Uma vez li uma matéria sobre a Holanda acho. A matéria, resumindo, dizia que pelos lados de lá um porteiro e um diretor de empresa eram tratados e respeitados de forma igual. E que o fator escolha de profissão não fazia alguém melhor ou pior, a matéria ia além mas paro por aqui.
Em São Paulo estamos rodeados de motoboys nas ruas, no céu é um tal de vai e vem de helicópteros ou carregando pessoas poderosíssimas sempre com pressa ou carregando suas respectivas mulheres. Nos parque os cachorros! Ah os cachorros! Curioso que a maioria deles que vejo sempre estão acompanhados dos funcionários dos moços que voam por aí, sempre ocupados. Me pergunto o porque de ter um cachorro então, mas aí lembro que eles abanam os rabos e dão carinho, no matter what.
Dizem que o cachorro se torna a cara do dono, mas esse dono, muito ocupado, não percebeu que seu funcionário de camisa social e gravata anda no parque com seu cão que também possui uma gravata. Não sei não, mas suspeito que esse cão, se pudesse ser gente, escolheria ser igual a quem cuida, sair por aí de gravata tendo a profissão de motorista! Até o vejo abanando o rabo ao pensar nisso!
Bom, já está na hora de começar a explicar essa minha viagem louca entre céu, terra e sem mar.
Na segunda linha de trem que preciso pegar, topei com um cara de cabelo amarelo ovo, cara de maluco AND um pandeiro.
Olhei aquela pessoa e só conseguia pensar: Senhor!! Por que no meu vagão, senhor?! Tudo que eu menos queria era alguém batucando um pagode no meu ouvido naquela hora do dia.
E foi só a porta fechar para começar, o rapaz não estava só, ele tinha um companheiro a tiracolo e eu precisei de aproximadamente um minuto para mudar completamente minha opinião.
Aqueles dois nordestinos, um paraibano e um cearense tinham um dom. O dom do improviso, o dom do espírito esportivo. Além disso, aqueles dois caras mantinham suas raízes na melodia que entoavam agradecendo a ajuda que fosse dada. Eles não eram pedintes. Eles eram artistas que brincavam com sua própria sorte. Mexiam com todos no vagão, cantarolavam versos para todos inclusive os que os rejeitavam. No segundo passageiro, eu já enfiei a mão na bolsa torcendo para ter algum trocado, depositei em seu pandeiro um real, mas se tivesse assistido antes o show inteiro sem duvida nenhuma fuçaria muito mais.
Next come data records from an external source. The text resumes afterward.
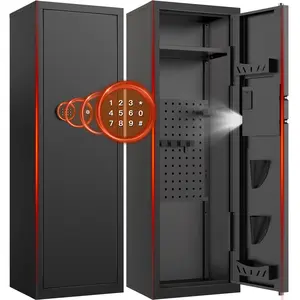 TnTants 10-12 Gun Safe Cabinet Quick Access Digital Keypad & Emergency Key Large Unassembled Security Safe with Removable Shelves Anti-Theft Design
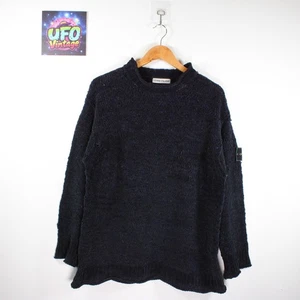 Stone Island Chenille Strick Pullover Herren M Schwarz Vintage 90er Grüner Rand Italy - Bild 1 von 12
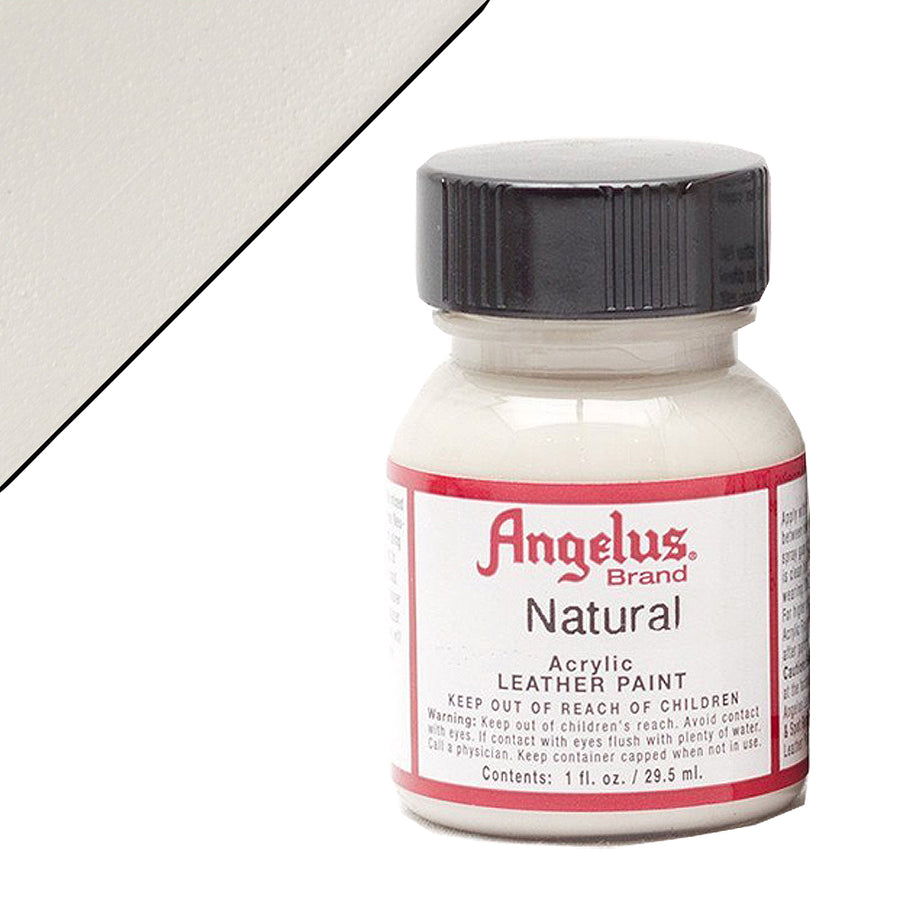 Angelus Brand Natural Acrylic Leather Paint, white, 1 fl oz bottle with black cap - Uhorse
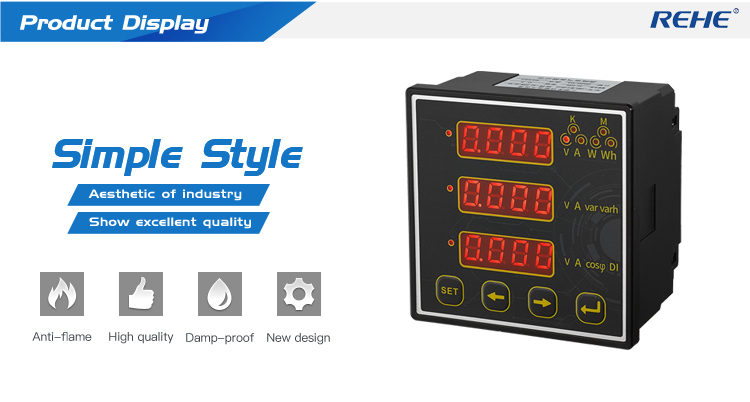 Hot-sale cheap new design RE series 96*96mm Three Phase LED Multi-function Power Meter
O cabelo amarelo com cara de maluco agradeceu, pediu para Deus abençoar a mim e a minha casa. Depois fez graça, elogiou. Logo depois o outro rapaz simpaticamente também criou versos para agradecer aquela moedinha, me chamou de galega, de loira bonita e simpática e me comparou a Ana Hickman (há!), depois ainda voltou e cantarolou mais alguns doces agradecimentos.
Eles faziam isso com todos e todas. De uma forma sutil foram passando pelo vagão, e mesmo aqueles que não desgrudavam os olhos em seus smartphones davam um riso de canto de boca. Vi apenas uma menina não ceder nem um mísero de expressão – tive pena dela.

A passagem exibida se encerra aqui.